The marginal value theorem holds true under three fairly mild conditions:
- The fixed cost $T$ is larger than zero.
- The reward function $E(t)$ increases with $t$.
- The slope $dE(t)/dt$ of the reward function decreases with $t$ (i.e. $E(t)$ is a diminishing returns function).

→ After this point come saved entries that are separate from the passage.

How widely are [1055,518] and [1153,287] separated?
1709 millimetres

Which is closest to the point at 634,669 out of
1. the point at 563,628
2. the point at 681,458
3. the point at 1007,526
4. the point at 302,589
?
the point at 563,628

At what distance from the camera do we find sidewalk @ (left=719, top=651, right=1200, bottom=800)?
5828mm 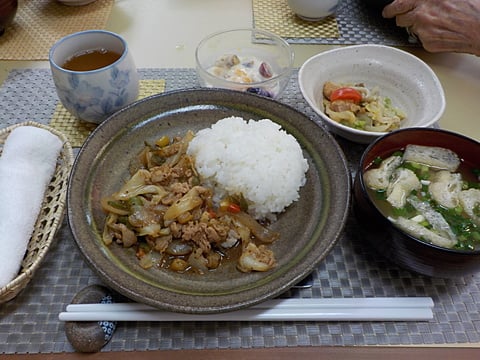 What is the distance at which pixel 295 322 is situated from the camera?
1475mm

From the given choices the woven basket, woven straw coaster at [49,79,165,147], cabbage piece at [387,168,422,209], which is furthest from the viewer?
woven straw coaster at [49,79,165,147]

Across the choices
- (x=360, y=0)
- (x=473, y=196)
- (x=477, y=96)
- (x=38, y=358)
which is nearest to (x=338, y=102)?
(x=473, y=196)

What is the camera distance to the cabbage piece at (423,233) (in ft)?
4.84

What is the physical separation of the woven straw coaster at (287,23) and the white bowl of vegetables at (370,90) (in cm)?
73

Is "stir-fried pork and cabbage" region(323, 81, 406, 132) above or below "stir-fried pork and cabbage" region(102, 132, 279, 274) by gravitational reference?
above

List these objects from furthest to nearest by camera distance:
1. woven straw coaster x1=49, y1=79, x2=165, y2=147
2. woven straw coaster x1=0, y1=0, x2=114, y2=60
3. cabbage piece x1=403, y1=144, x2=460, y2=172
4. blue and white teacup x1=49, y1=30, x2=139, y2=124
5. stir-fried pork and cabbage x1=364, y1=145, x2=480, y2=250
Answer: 1. woven straw coaster x1=0, y1=0, x2=114, y2=60
2. woven straw coaster x1=49, y1=79, x2=165, y2=147
3. blue and white teacup x1=49, y1=30, x2=139, y2=124
4. cabbage piece x1=403, y1=144, x2=460, y2=172
5. stir-fried pork and cabbage x1=364, y1=145, x2=480, y2=250

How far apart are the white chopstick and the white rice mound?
46 cm

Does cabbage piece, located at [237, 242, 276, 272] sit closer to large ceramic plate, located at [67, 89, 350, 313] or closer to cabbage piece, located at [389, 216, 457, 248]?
large ceramic plate, located at [67, 89, 350, 313]

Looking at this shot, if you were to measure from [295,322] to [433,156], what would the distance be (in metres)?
0.96

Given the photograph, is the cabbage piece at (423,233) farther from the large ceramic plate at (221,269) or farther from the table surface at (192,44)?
the table surface at (192,44)

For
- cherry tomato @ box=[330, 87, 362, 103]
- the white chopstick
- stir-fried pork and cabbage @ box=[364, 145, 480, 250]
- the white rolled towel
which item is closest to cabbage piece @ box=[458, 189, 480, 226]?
stir-fried pork and cabbage @ box=[364, 145, 480, 250]

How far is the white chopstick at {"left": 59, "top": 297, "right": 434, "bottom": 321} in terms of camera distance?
1.39m

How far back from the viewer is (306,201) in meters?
1.76

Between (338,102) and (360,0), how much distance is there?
1541 mm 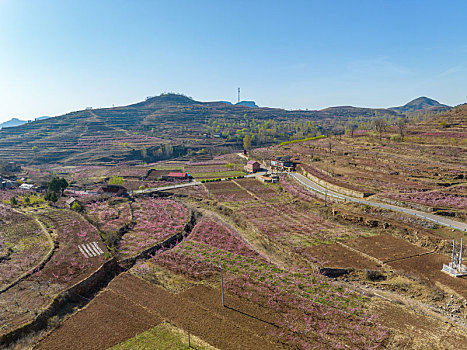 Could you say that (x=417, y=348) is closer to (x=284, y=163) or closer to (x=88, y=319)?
(x=88, y=319)

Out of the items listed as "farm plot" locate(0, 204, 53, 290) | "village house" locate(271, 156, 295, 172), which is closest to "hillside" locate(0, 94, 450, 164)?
"village house" locate(271, 156, 295, 172)

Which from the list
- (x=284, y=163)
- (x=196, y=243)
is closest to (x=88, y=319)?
(x=196, y=243)

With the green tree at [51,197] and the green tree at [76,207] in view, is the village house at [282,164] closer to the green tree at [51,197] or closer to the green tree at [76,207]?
the green tree at [76,207]

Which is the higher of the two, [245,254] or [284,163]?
[284,163]

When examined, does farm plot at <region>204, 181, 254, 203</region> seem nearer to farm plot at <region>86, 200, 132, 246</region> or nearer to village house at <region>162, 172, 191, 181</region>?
village house at <region>162, 172, 191, 181</region>

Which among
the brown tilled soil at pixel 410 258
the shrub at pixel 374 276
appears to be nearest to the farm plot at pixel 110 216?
the shrub at pixel 374 276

We wish to prove that the instantaneous reward rate $r(t)$ equals the average reward rate $R(t)$ when $R(t)$ is maximal. To achieve this, we need to find the value of $r(t)$ when $R(t)$ is maximal. To find the maximal average reward rate, we make use of the fact that its slope is zero at a maximum. The average reward rate is defined as \begin{eqnarray} R(t) & = & \frac{E(t)} {T+t}, \end{eqnarray} and its derivative is \begin{eqnarray} \frac{dR}{dt} & = & \frac{1}{T+t} \frac{dE}{dt} + E(t) \frac{d(T+t)^{-1}} {dt}, \label{eqaa} \end{eqnarray} where (by definition) \begin{eqnarray} \frac{dE} {dt} & = & r(t), \label{eqa} \end{eqnarray} is the instantaneous reward rate, and where \begin{eqnarray} \frac{d((T+t)^{-1}) } { dt} & = & \frac{-1} {(T+t)^{2}}. \label{eqb} \end{eqnarray} Substituting Equations \ref{eqa} and \ref{eqb} into Equation \ref{eqaa}, \begin{eqnarray} \frac{dR}{dt} & = & r(t) \frac{1}{T+t} - \frac{E(t)} {(T+t)^{2}} , \label{eqaab} \end{eqnarray} where \begin{eqnarray} \frac{ E(t) } {T+t} & = & R(t), \end{eqnarray} is the average reward rate, so that Equation \ref{eqaab} becomes \begin{eqnarray} \frac{dR}{dt} & = & \frac{r(t) }{T+t} - \frac{R(t)} {T+t}. \end{eqnarray} At a maximum, this is equal to zero, \begin{eqnarray} \frac{r(t) }{T+t} - \frac{R(t)} {T+t} & = & 0. \end{eqnarray} Finally, multiplying both sides by $(T+t)$, and re-arranging yields \begin{eqnarray} r(t) & = & R(t). \end{eqnarray} This proves that the average reward rate is maximal when the instantaneous reward rate equals the average reward rate.